• [Required action]
Would you write out the entries that follow word for word, omitting any images?

(Brief descriptive captions)
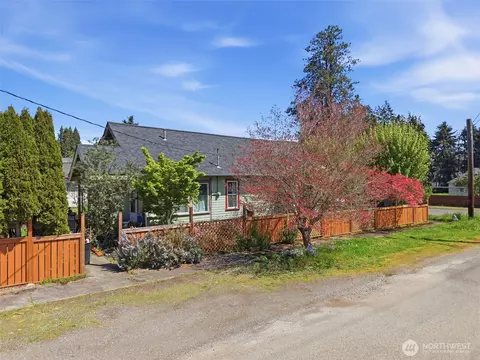 1301 Oxford Ave, Centralia, WA 98531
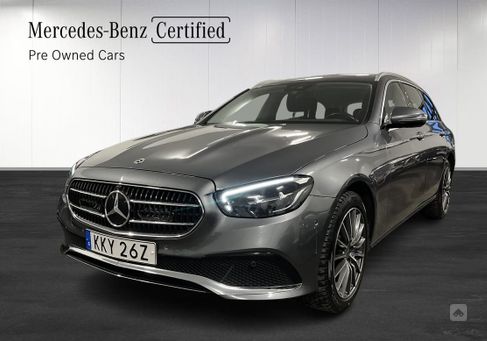 Mercedes-Benz E 300, 2023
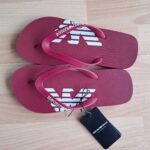 INFRADITO DONNA MARE EMPORIO ARMANI NEL COLOR CILIEGIA CON LOGO STAMPATO SULLA PIANTA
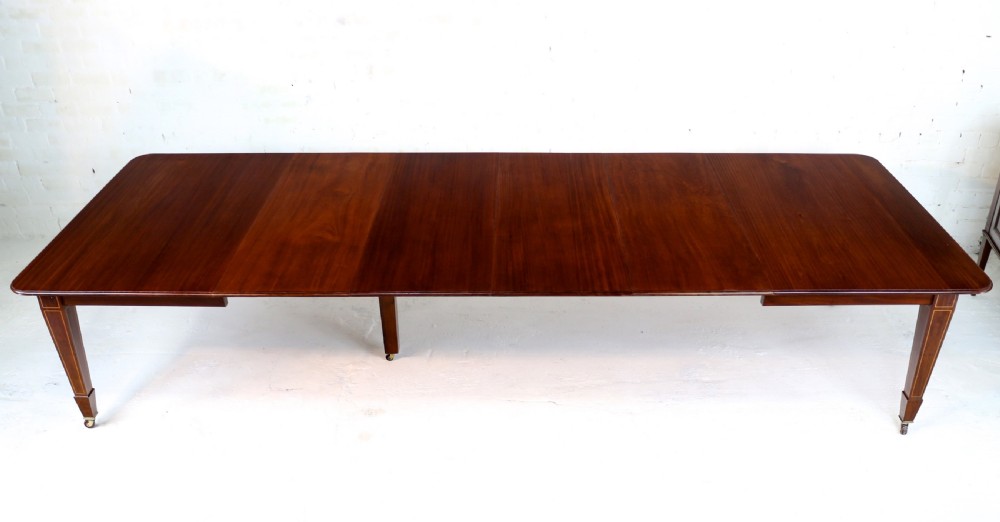 Antique Mahogany Extending Dining Table with Four Leaves & Leaf Holder by James Garvie & Sons, Aberdeen View IX
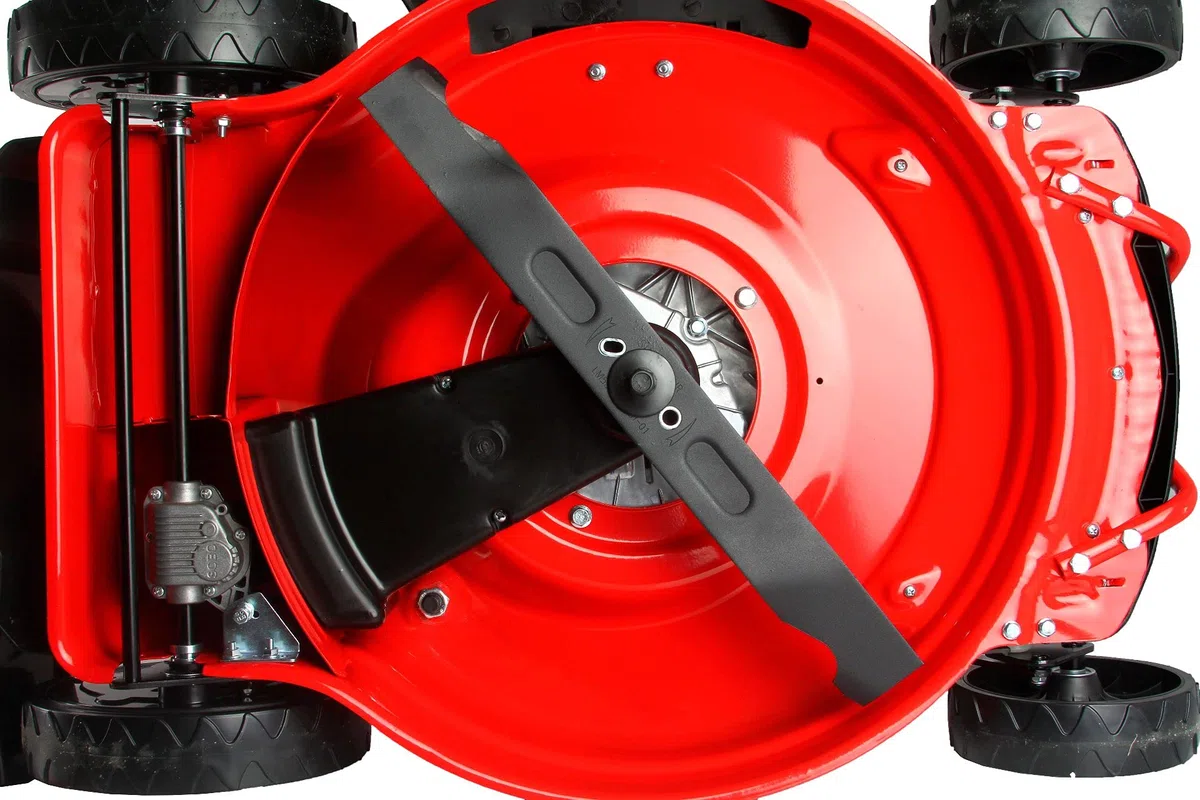 Tosaerba rasaerba a scoppio 173cc Benzina 4.35 CV 3,2KW semovente trazionato area di taglio da 53cm cestino 60 Litri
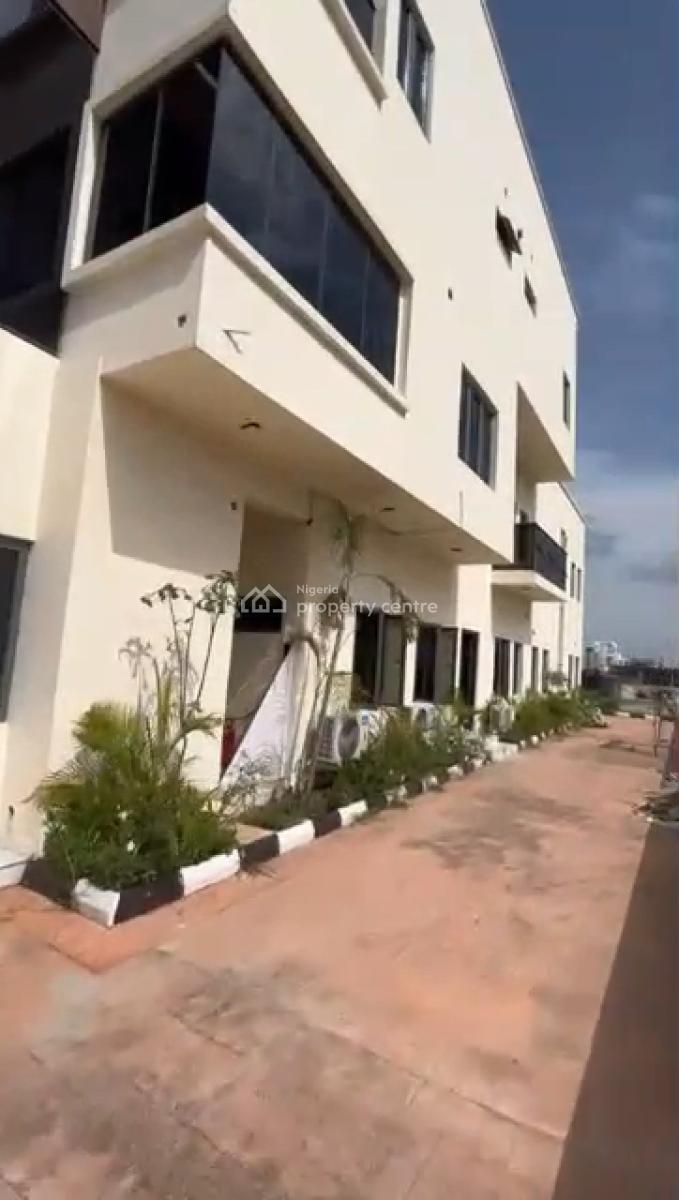 Spacious Luxury 7bedroom (7bedrooms, 3 Living Room and 3 Fitted Kitche, Cowrie Creek Estate, Lekki, Lagos, Semi-detached Duplex for Rent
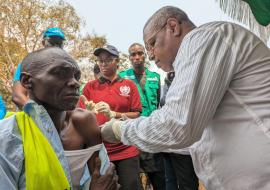 Lancement de la vaccination par le Ministre de la Santé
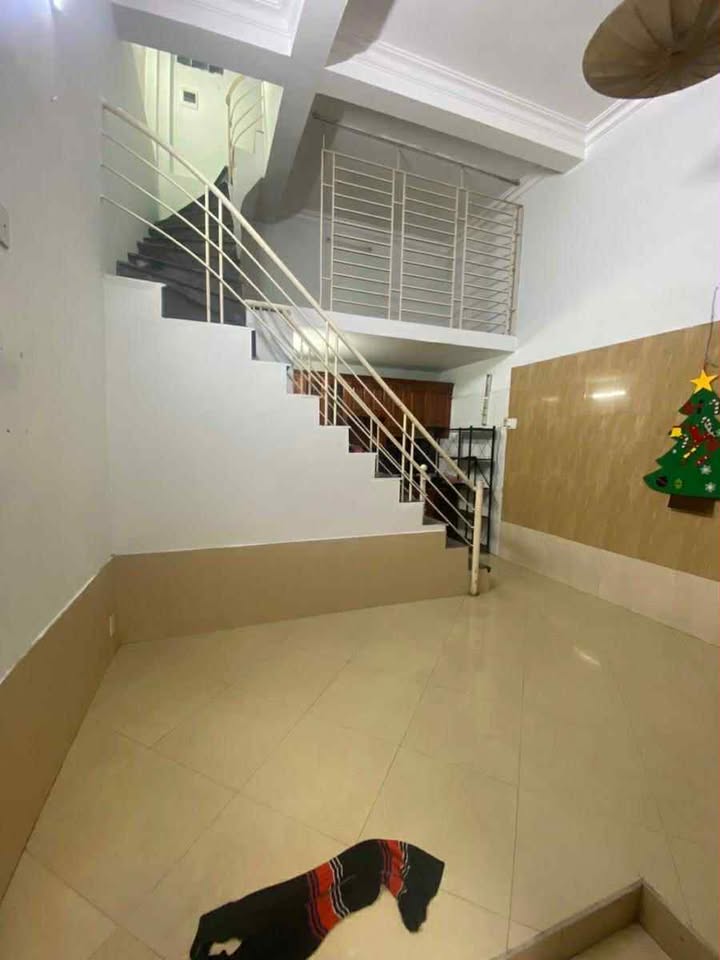 Nhà phố Kim Mã, Ba Đình 28m² giá 6.5 tỷ - Ngõ thoáng, cách phố 50m!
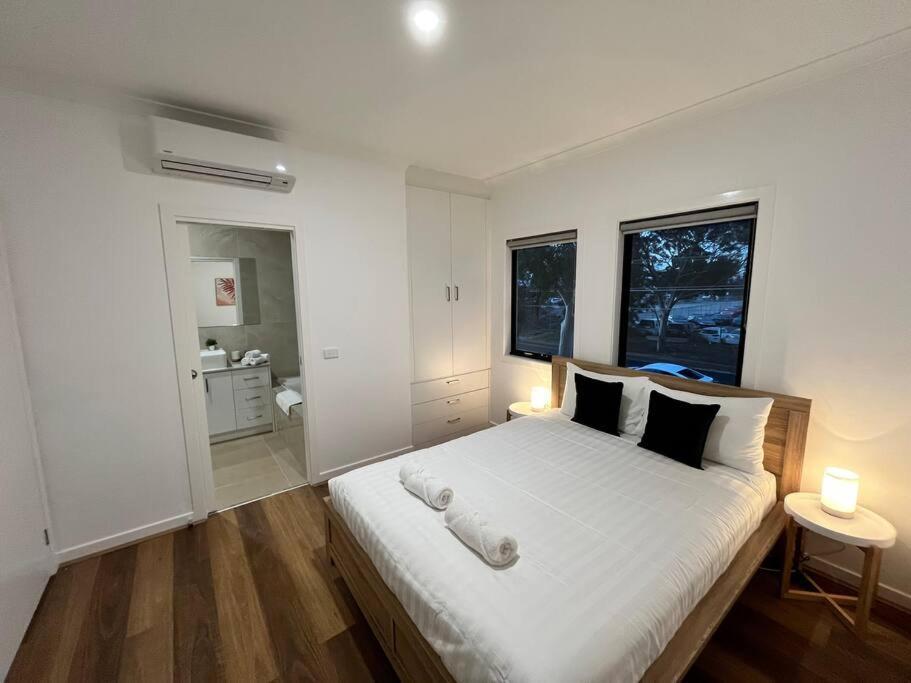 Bahay bakasyunan Brand New Modern 2 Bedroom At Airport! Melbourne
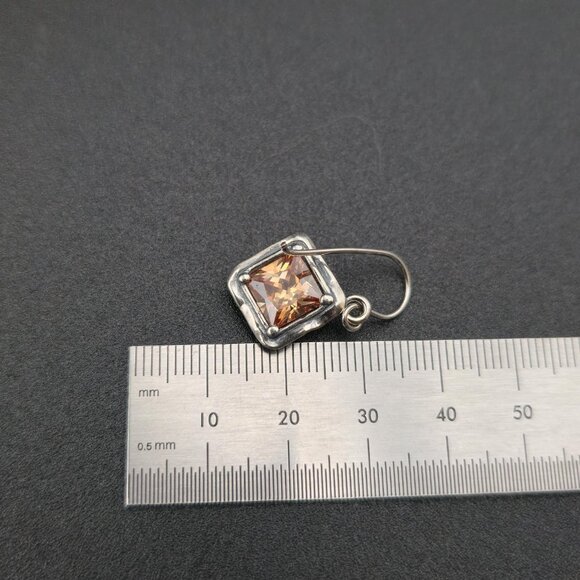 Sterling Silver Quality Cubic Zirconia Brown Earrings A7011 - Picture 7 of 8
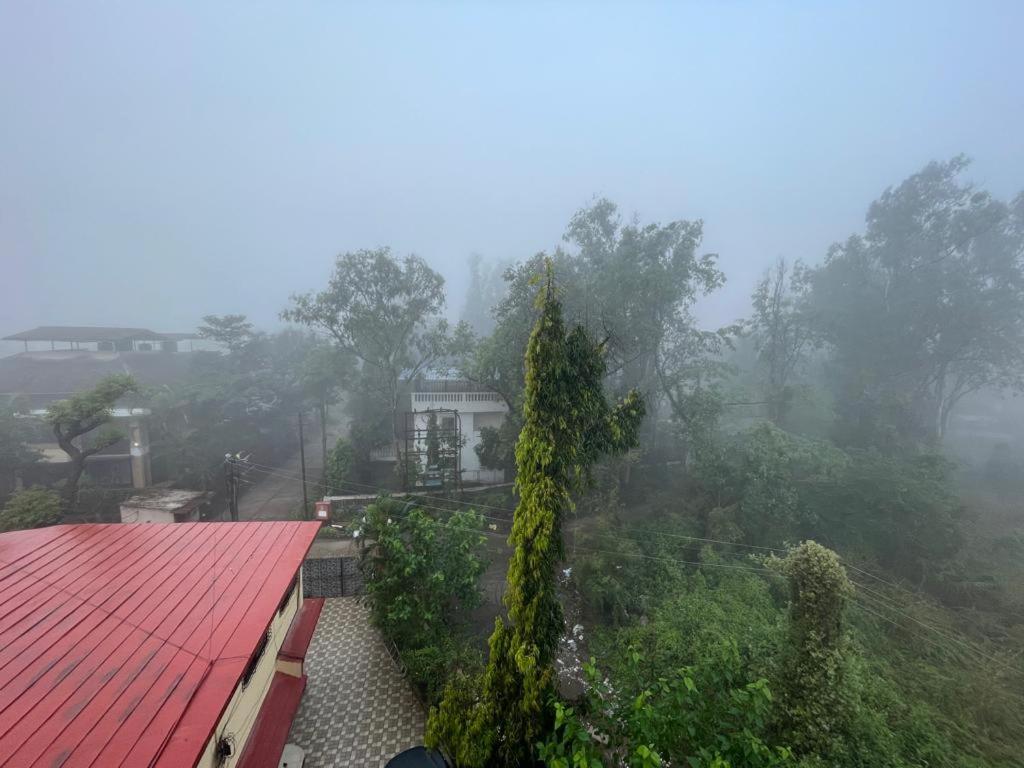 Hotel Phoenix Lonavala Exterior photo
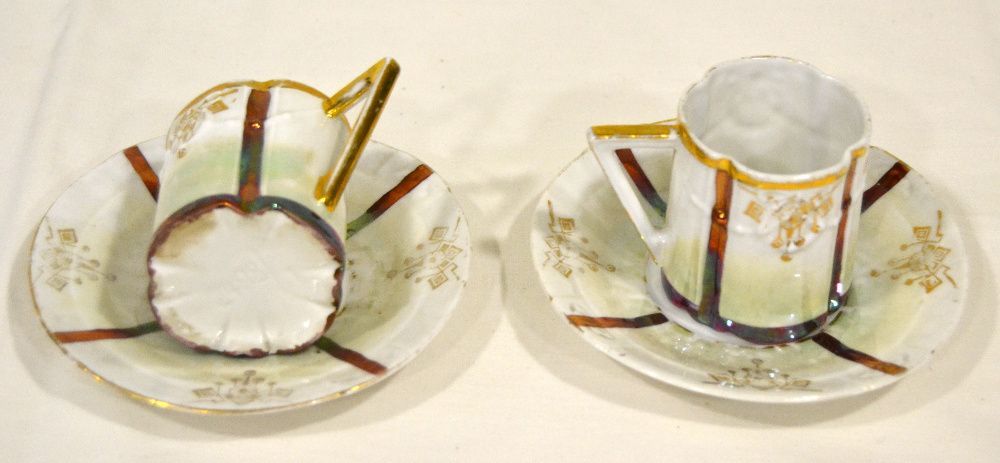 Par de chávenas de café em porcelana europeia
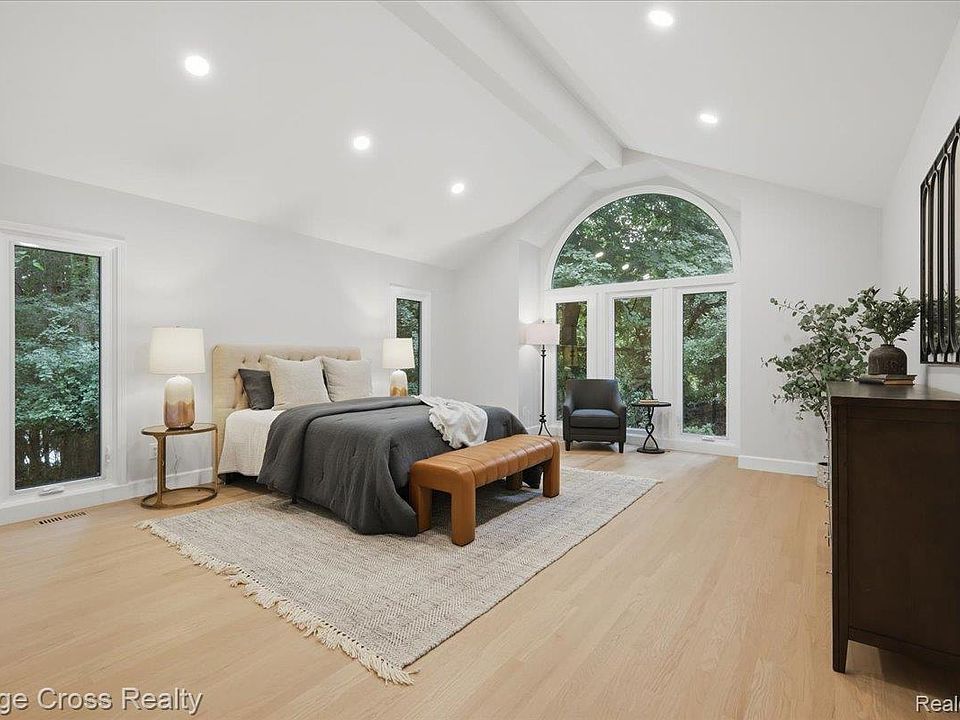 249 Norcliff Dr, photo 28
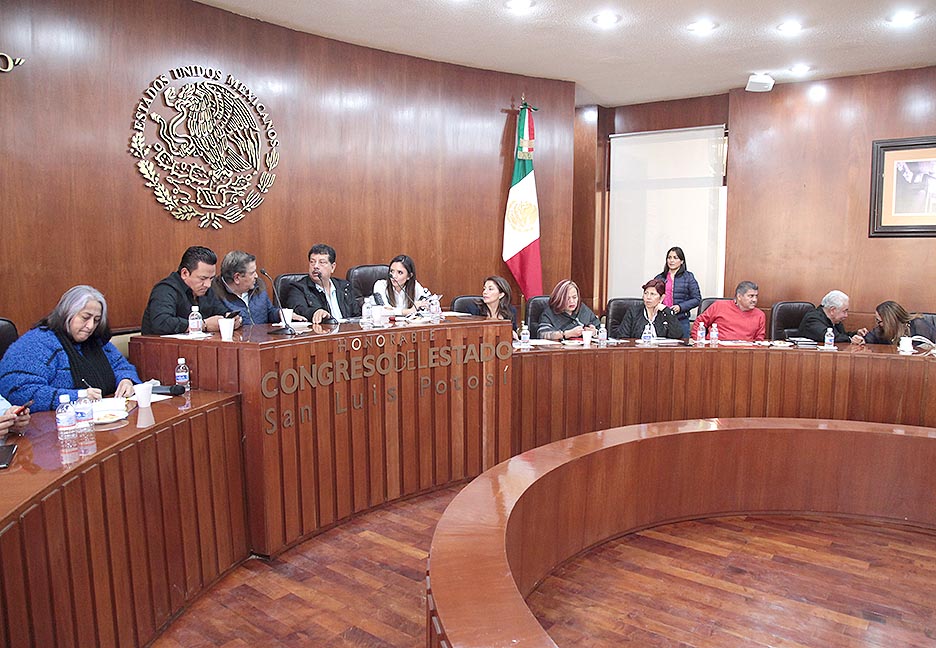  No son 27 los vehículos nuevos para el Congreso del Estado sino 30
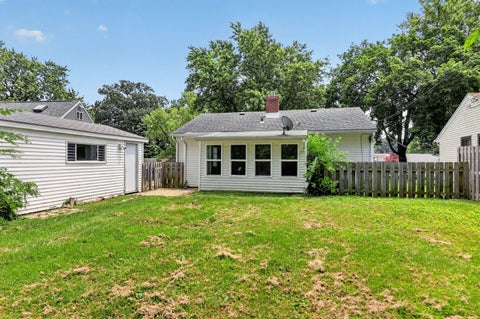Tiny photo for 152 Tilton Park Drive, DeKalb, IL 60115 (MLS # 12716968)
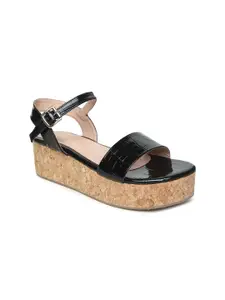 VALIOSAA Flatform Sandals with Buckles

• [Response area]
 1301 Oxford Ave, Centralia, WA 98531
 Mercedes-Benz E 300, 2023
 INFRADITO DONNA MARE EMPORIO ARMANI NEL COLOR CILIEGIA CON LOGO STAMPATO SULLA PIANTA
 Antique Mahogany Extending Dining Table with Four Leaves & Leaf Holder by James Garvie & Sons, Aberdeen View IX
 Tosaerba rasaerba a scoppio 173cc Benzina 4.35 CV 3,2KW semovente trazionato area di taglio da 53cm cestino 60 Litri
 Spacious Luxury 7bedroom (7bedrooms, 3 Living Room and 3 Fitted Kitche, Cowrie Creek Estate, Lekki, Lagos, Semi-detached Duplex for Rent
 Lancement de la vaccination par le Ministre de la Santé
 Nhà phố Kim Mã, Ba Đình 28m² giá 6.5 tỷ - Ngõ thoáng, cách phố 50m!
 Bahay bakasyunan Brand New Modern 2 Bedroom At Airport! Melbourne
 Sterling Silver Quality Cubic Zirconia Brown Earrings A7011 - Picture 7 of 8
 Hotel Phoenix Lonavala Exterior photo
 Par de chávenas de café em porcelana europeia
 249 Norcliff Dr, photo 28
  No son 27 los vehículos nuevos para el Congreso del Estado sino 30
Tiny photo for 152 Tilton Park Drive, DeKalb, IL 60115 (MLS # 12716968)
 VALIOSAA Flatform Sandals with Buckles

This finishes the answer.